The expected output is a verbatim reprint of the lines from the beginning of the data that follows through the line that contains "Ưu nhược điểm khi đeo kính cho gà".

------------------------------

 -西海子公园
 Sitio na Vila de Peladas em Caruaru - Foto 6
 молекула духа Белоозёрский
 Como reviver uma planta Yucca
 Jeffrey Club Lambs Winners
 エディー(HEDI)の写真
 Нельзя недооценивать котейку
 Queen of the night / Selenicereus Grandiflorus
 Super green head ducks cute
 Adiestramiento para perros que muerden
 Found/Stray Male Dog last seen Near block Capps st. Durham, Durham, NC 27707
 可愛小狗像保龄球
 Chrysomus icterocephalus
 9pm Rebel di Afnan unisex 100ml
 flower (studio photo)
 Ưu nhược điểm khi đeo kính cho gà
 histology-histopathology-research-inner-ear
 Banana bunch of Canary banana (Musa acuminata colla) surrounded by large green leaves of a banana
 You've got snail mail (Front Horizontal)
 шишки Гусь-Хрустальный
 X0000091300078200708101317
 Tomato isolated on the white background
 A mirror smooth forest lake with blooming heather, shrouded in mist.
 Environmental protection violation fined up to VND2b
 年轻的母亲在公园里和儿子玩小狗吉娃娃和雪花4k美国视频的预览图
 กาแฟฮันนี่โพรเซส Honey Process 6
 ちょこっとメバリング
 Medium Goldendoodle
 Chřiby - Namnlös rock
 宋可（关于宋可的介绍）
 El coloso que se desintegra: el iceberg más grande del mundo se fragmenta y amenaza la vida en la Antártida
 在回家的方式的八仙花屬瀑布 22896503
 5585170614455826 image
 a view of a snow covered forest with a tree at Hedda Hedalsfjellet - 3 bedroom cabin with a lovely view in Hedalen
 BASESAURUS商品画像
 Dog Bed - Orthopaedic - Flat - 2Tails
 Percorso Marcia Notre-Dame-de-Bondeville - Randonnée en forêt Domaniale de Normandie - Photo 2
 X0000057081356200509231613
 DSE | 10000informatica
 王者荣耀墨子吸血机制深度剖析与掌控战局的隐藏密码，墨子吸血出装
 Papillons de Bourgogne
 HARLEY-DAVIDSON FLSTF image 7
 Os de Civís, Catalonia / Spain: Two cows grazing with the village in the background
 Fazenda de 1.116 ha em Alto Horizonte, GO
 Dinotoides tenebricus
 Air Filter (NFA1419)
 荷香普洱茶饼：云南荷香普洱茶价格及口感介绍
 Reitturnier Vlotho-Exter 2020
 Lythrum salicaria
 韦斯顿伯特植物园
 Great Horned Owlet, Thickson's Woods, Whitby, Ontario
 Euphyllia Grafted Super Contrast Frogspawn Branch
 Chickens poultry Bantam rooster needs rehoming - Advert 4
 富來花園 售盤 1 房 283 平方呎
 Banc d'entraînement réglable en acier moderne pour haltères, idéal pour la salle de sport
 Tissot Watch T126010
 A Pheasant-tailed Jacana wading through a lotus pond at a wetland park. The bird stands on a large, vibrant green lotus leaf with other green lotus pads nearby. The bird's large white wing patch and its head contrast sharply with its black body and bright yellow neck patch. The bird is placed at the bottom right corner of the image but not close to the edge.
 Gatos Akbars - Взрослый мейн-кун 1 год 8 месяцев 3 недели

------------------------------

Result:
 -西海子公园
 Sitio na Vila de Peladas em Caruaru - Foto 6
 молекула духа Белоозёрский
 Como reviver uma planta Yucca
 Jeffrey Club Lambs Winners
 エディー(HEDI)の写真
 Нельзя недооценивать котейку
 Queen of the night / Selenicereus Grandiflorus
 Super green head ducks cute
 Adiestramiento para perros que muerden
 Found/Stray Male Dog last seen Near block Capps st. Durham, Durham, NC 27707
 可愛小狗像保龄球
 Chrysomus icterocephalus
 9pm Rebel di Afnan unisex 100ml
 flower (studio photo)
 Ưu nhược điểm khi đeo kính cho gà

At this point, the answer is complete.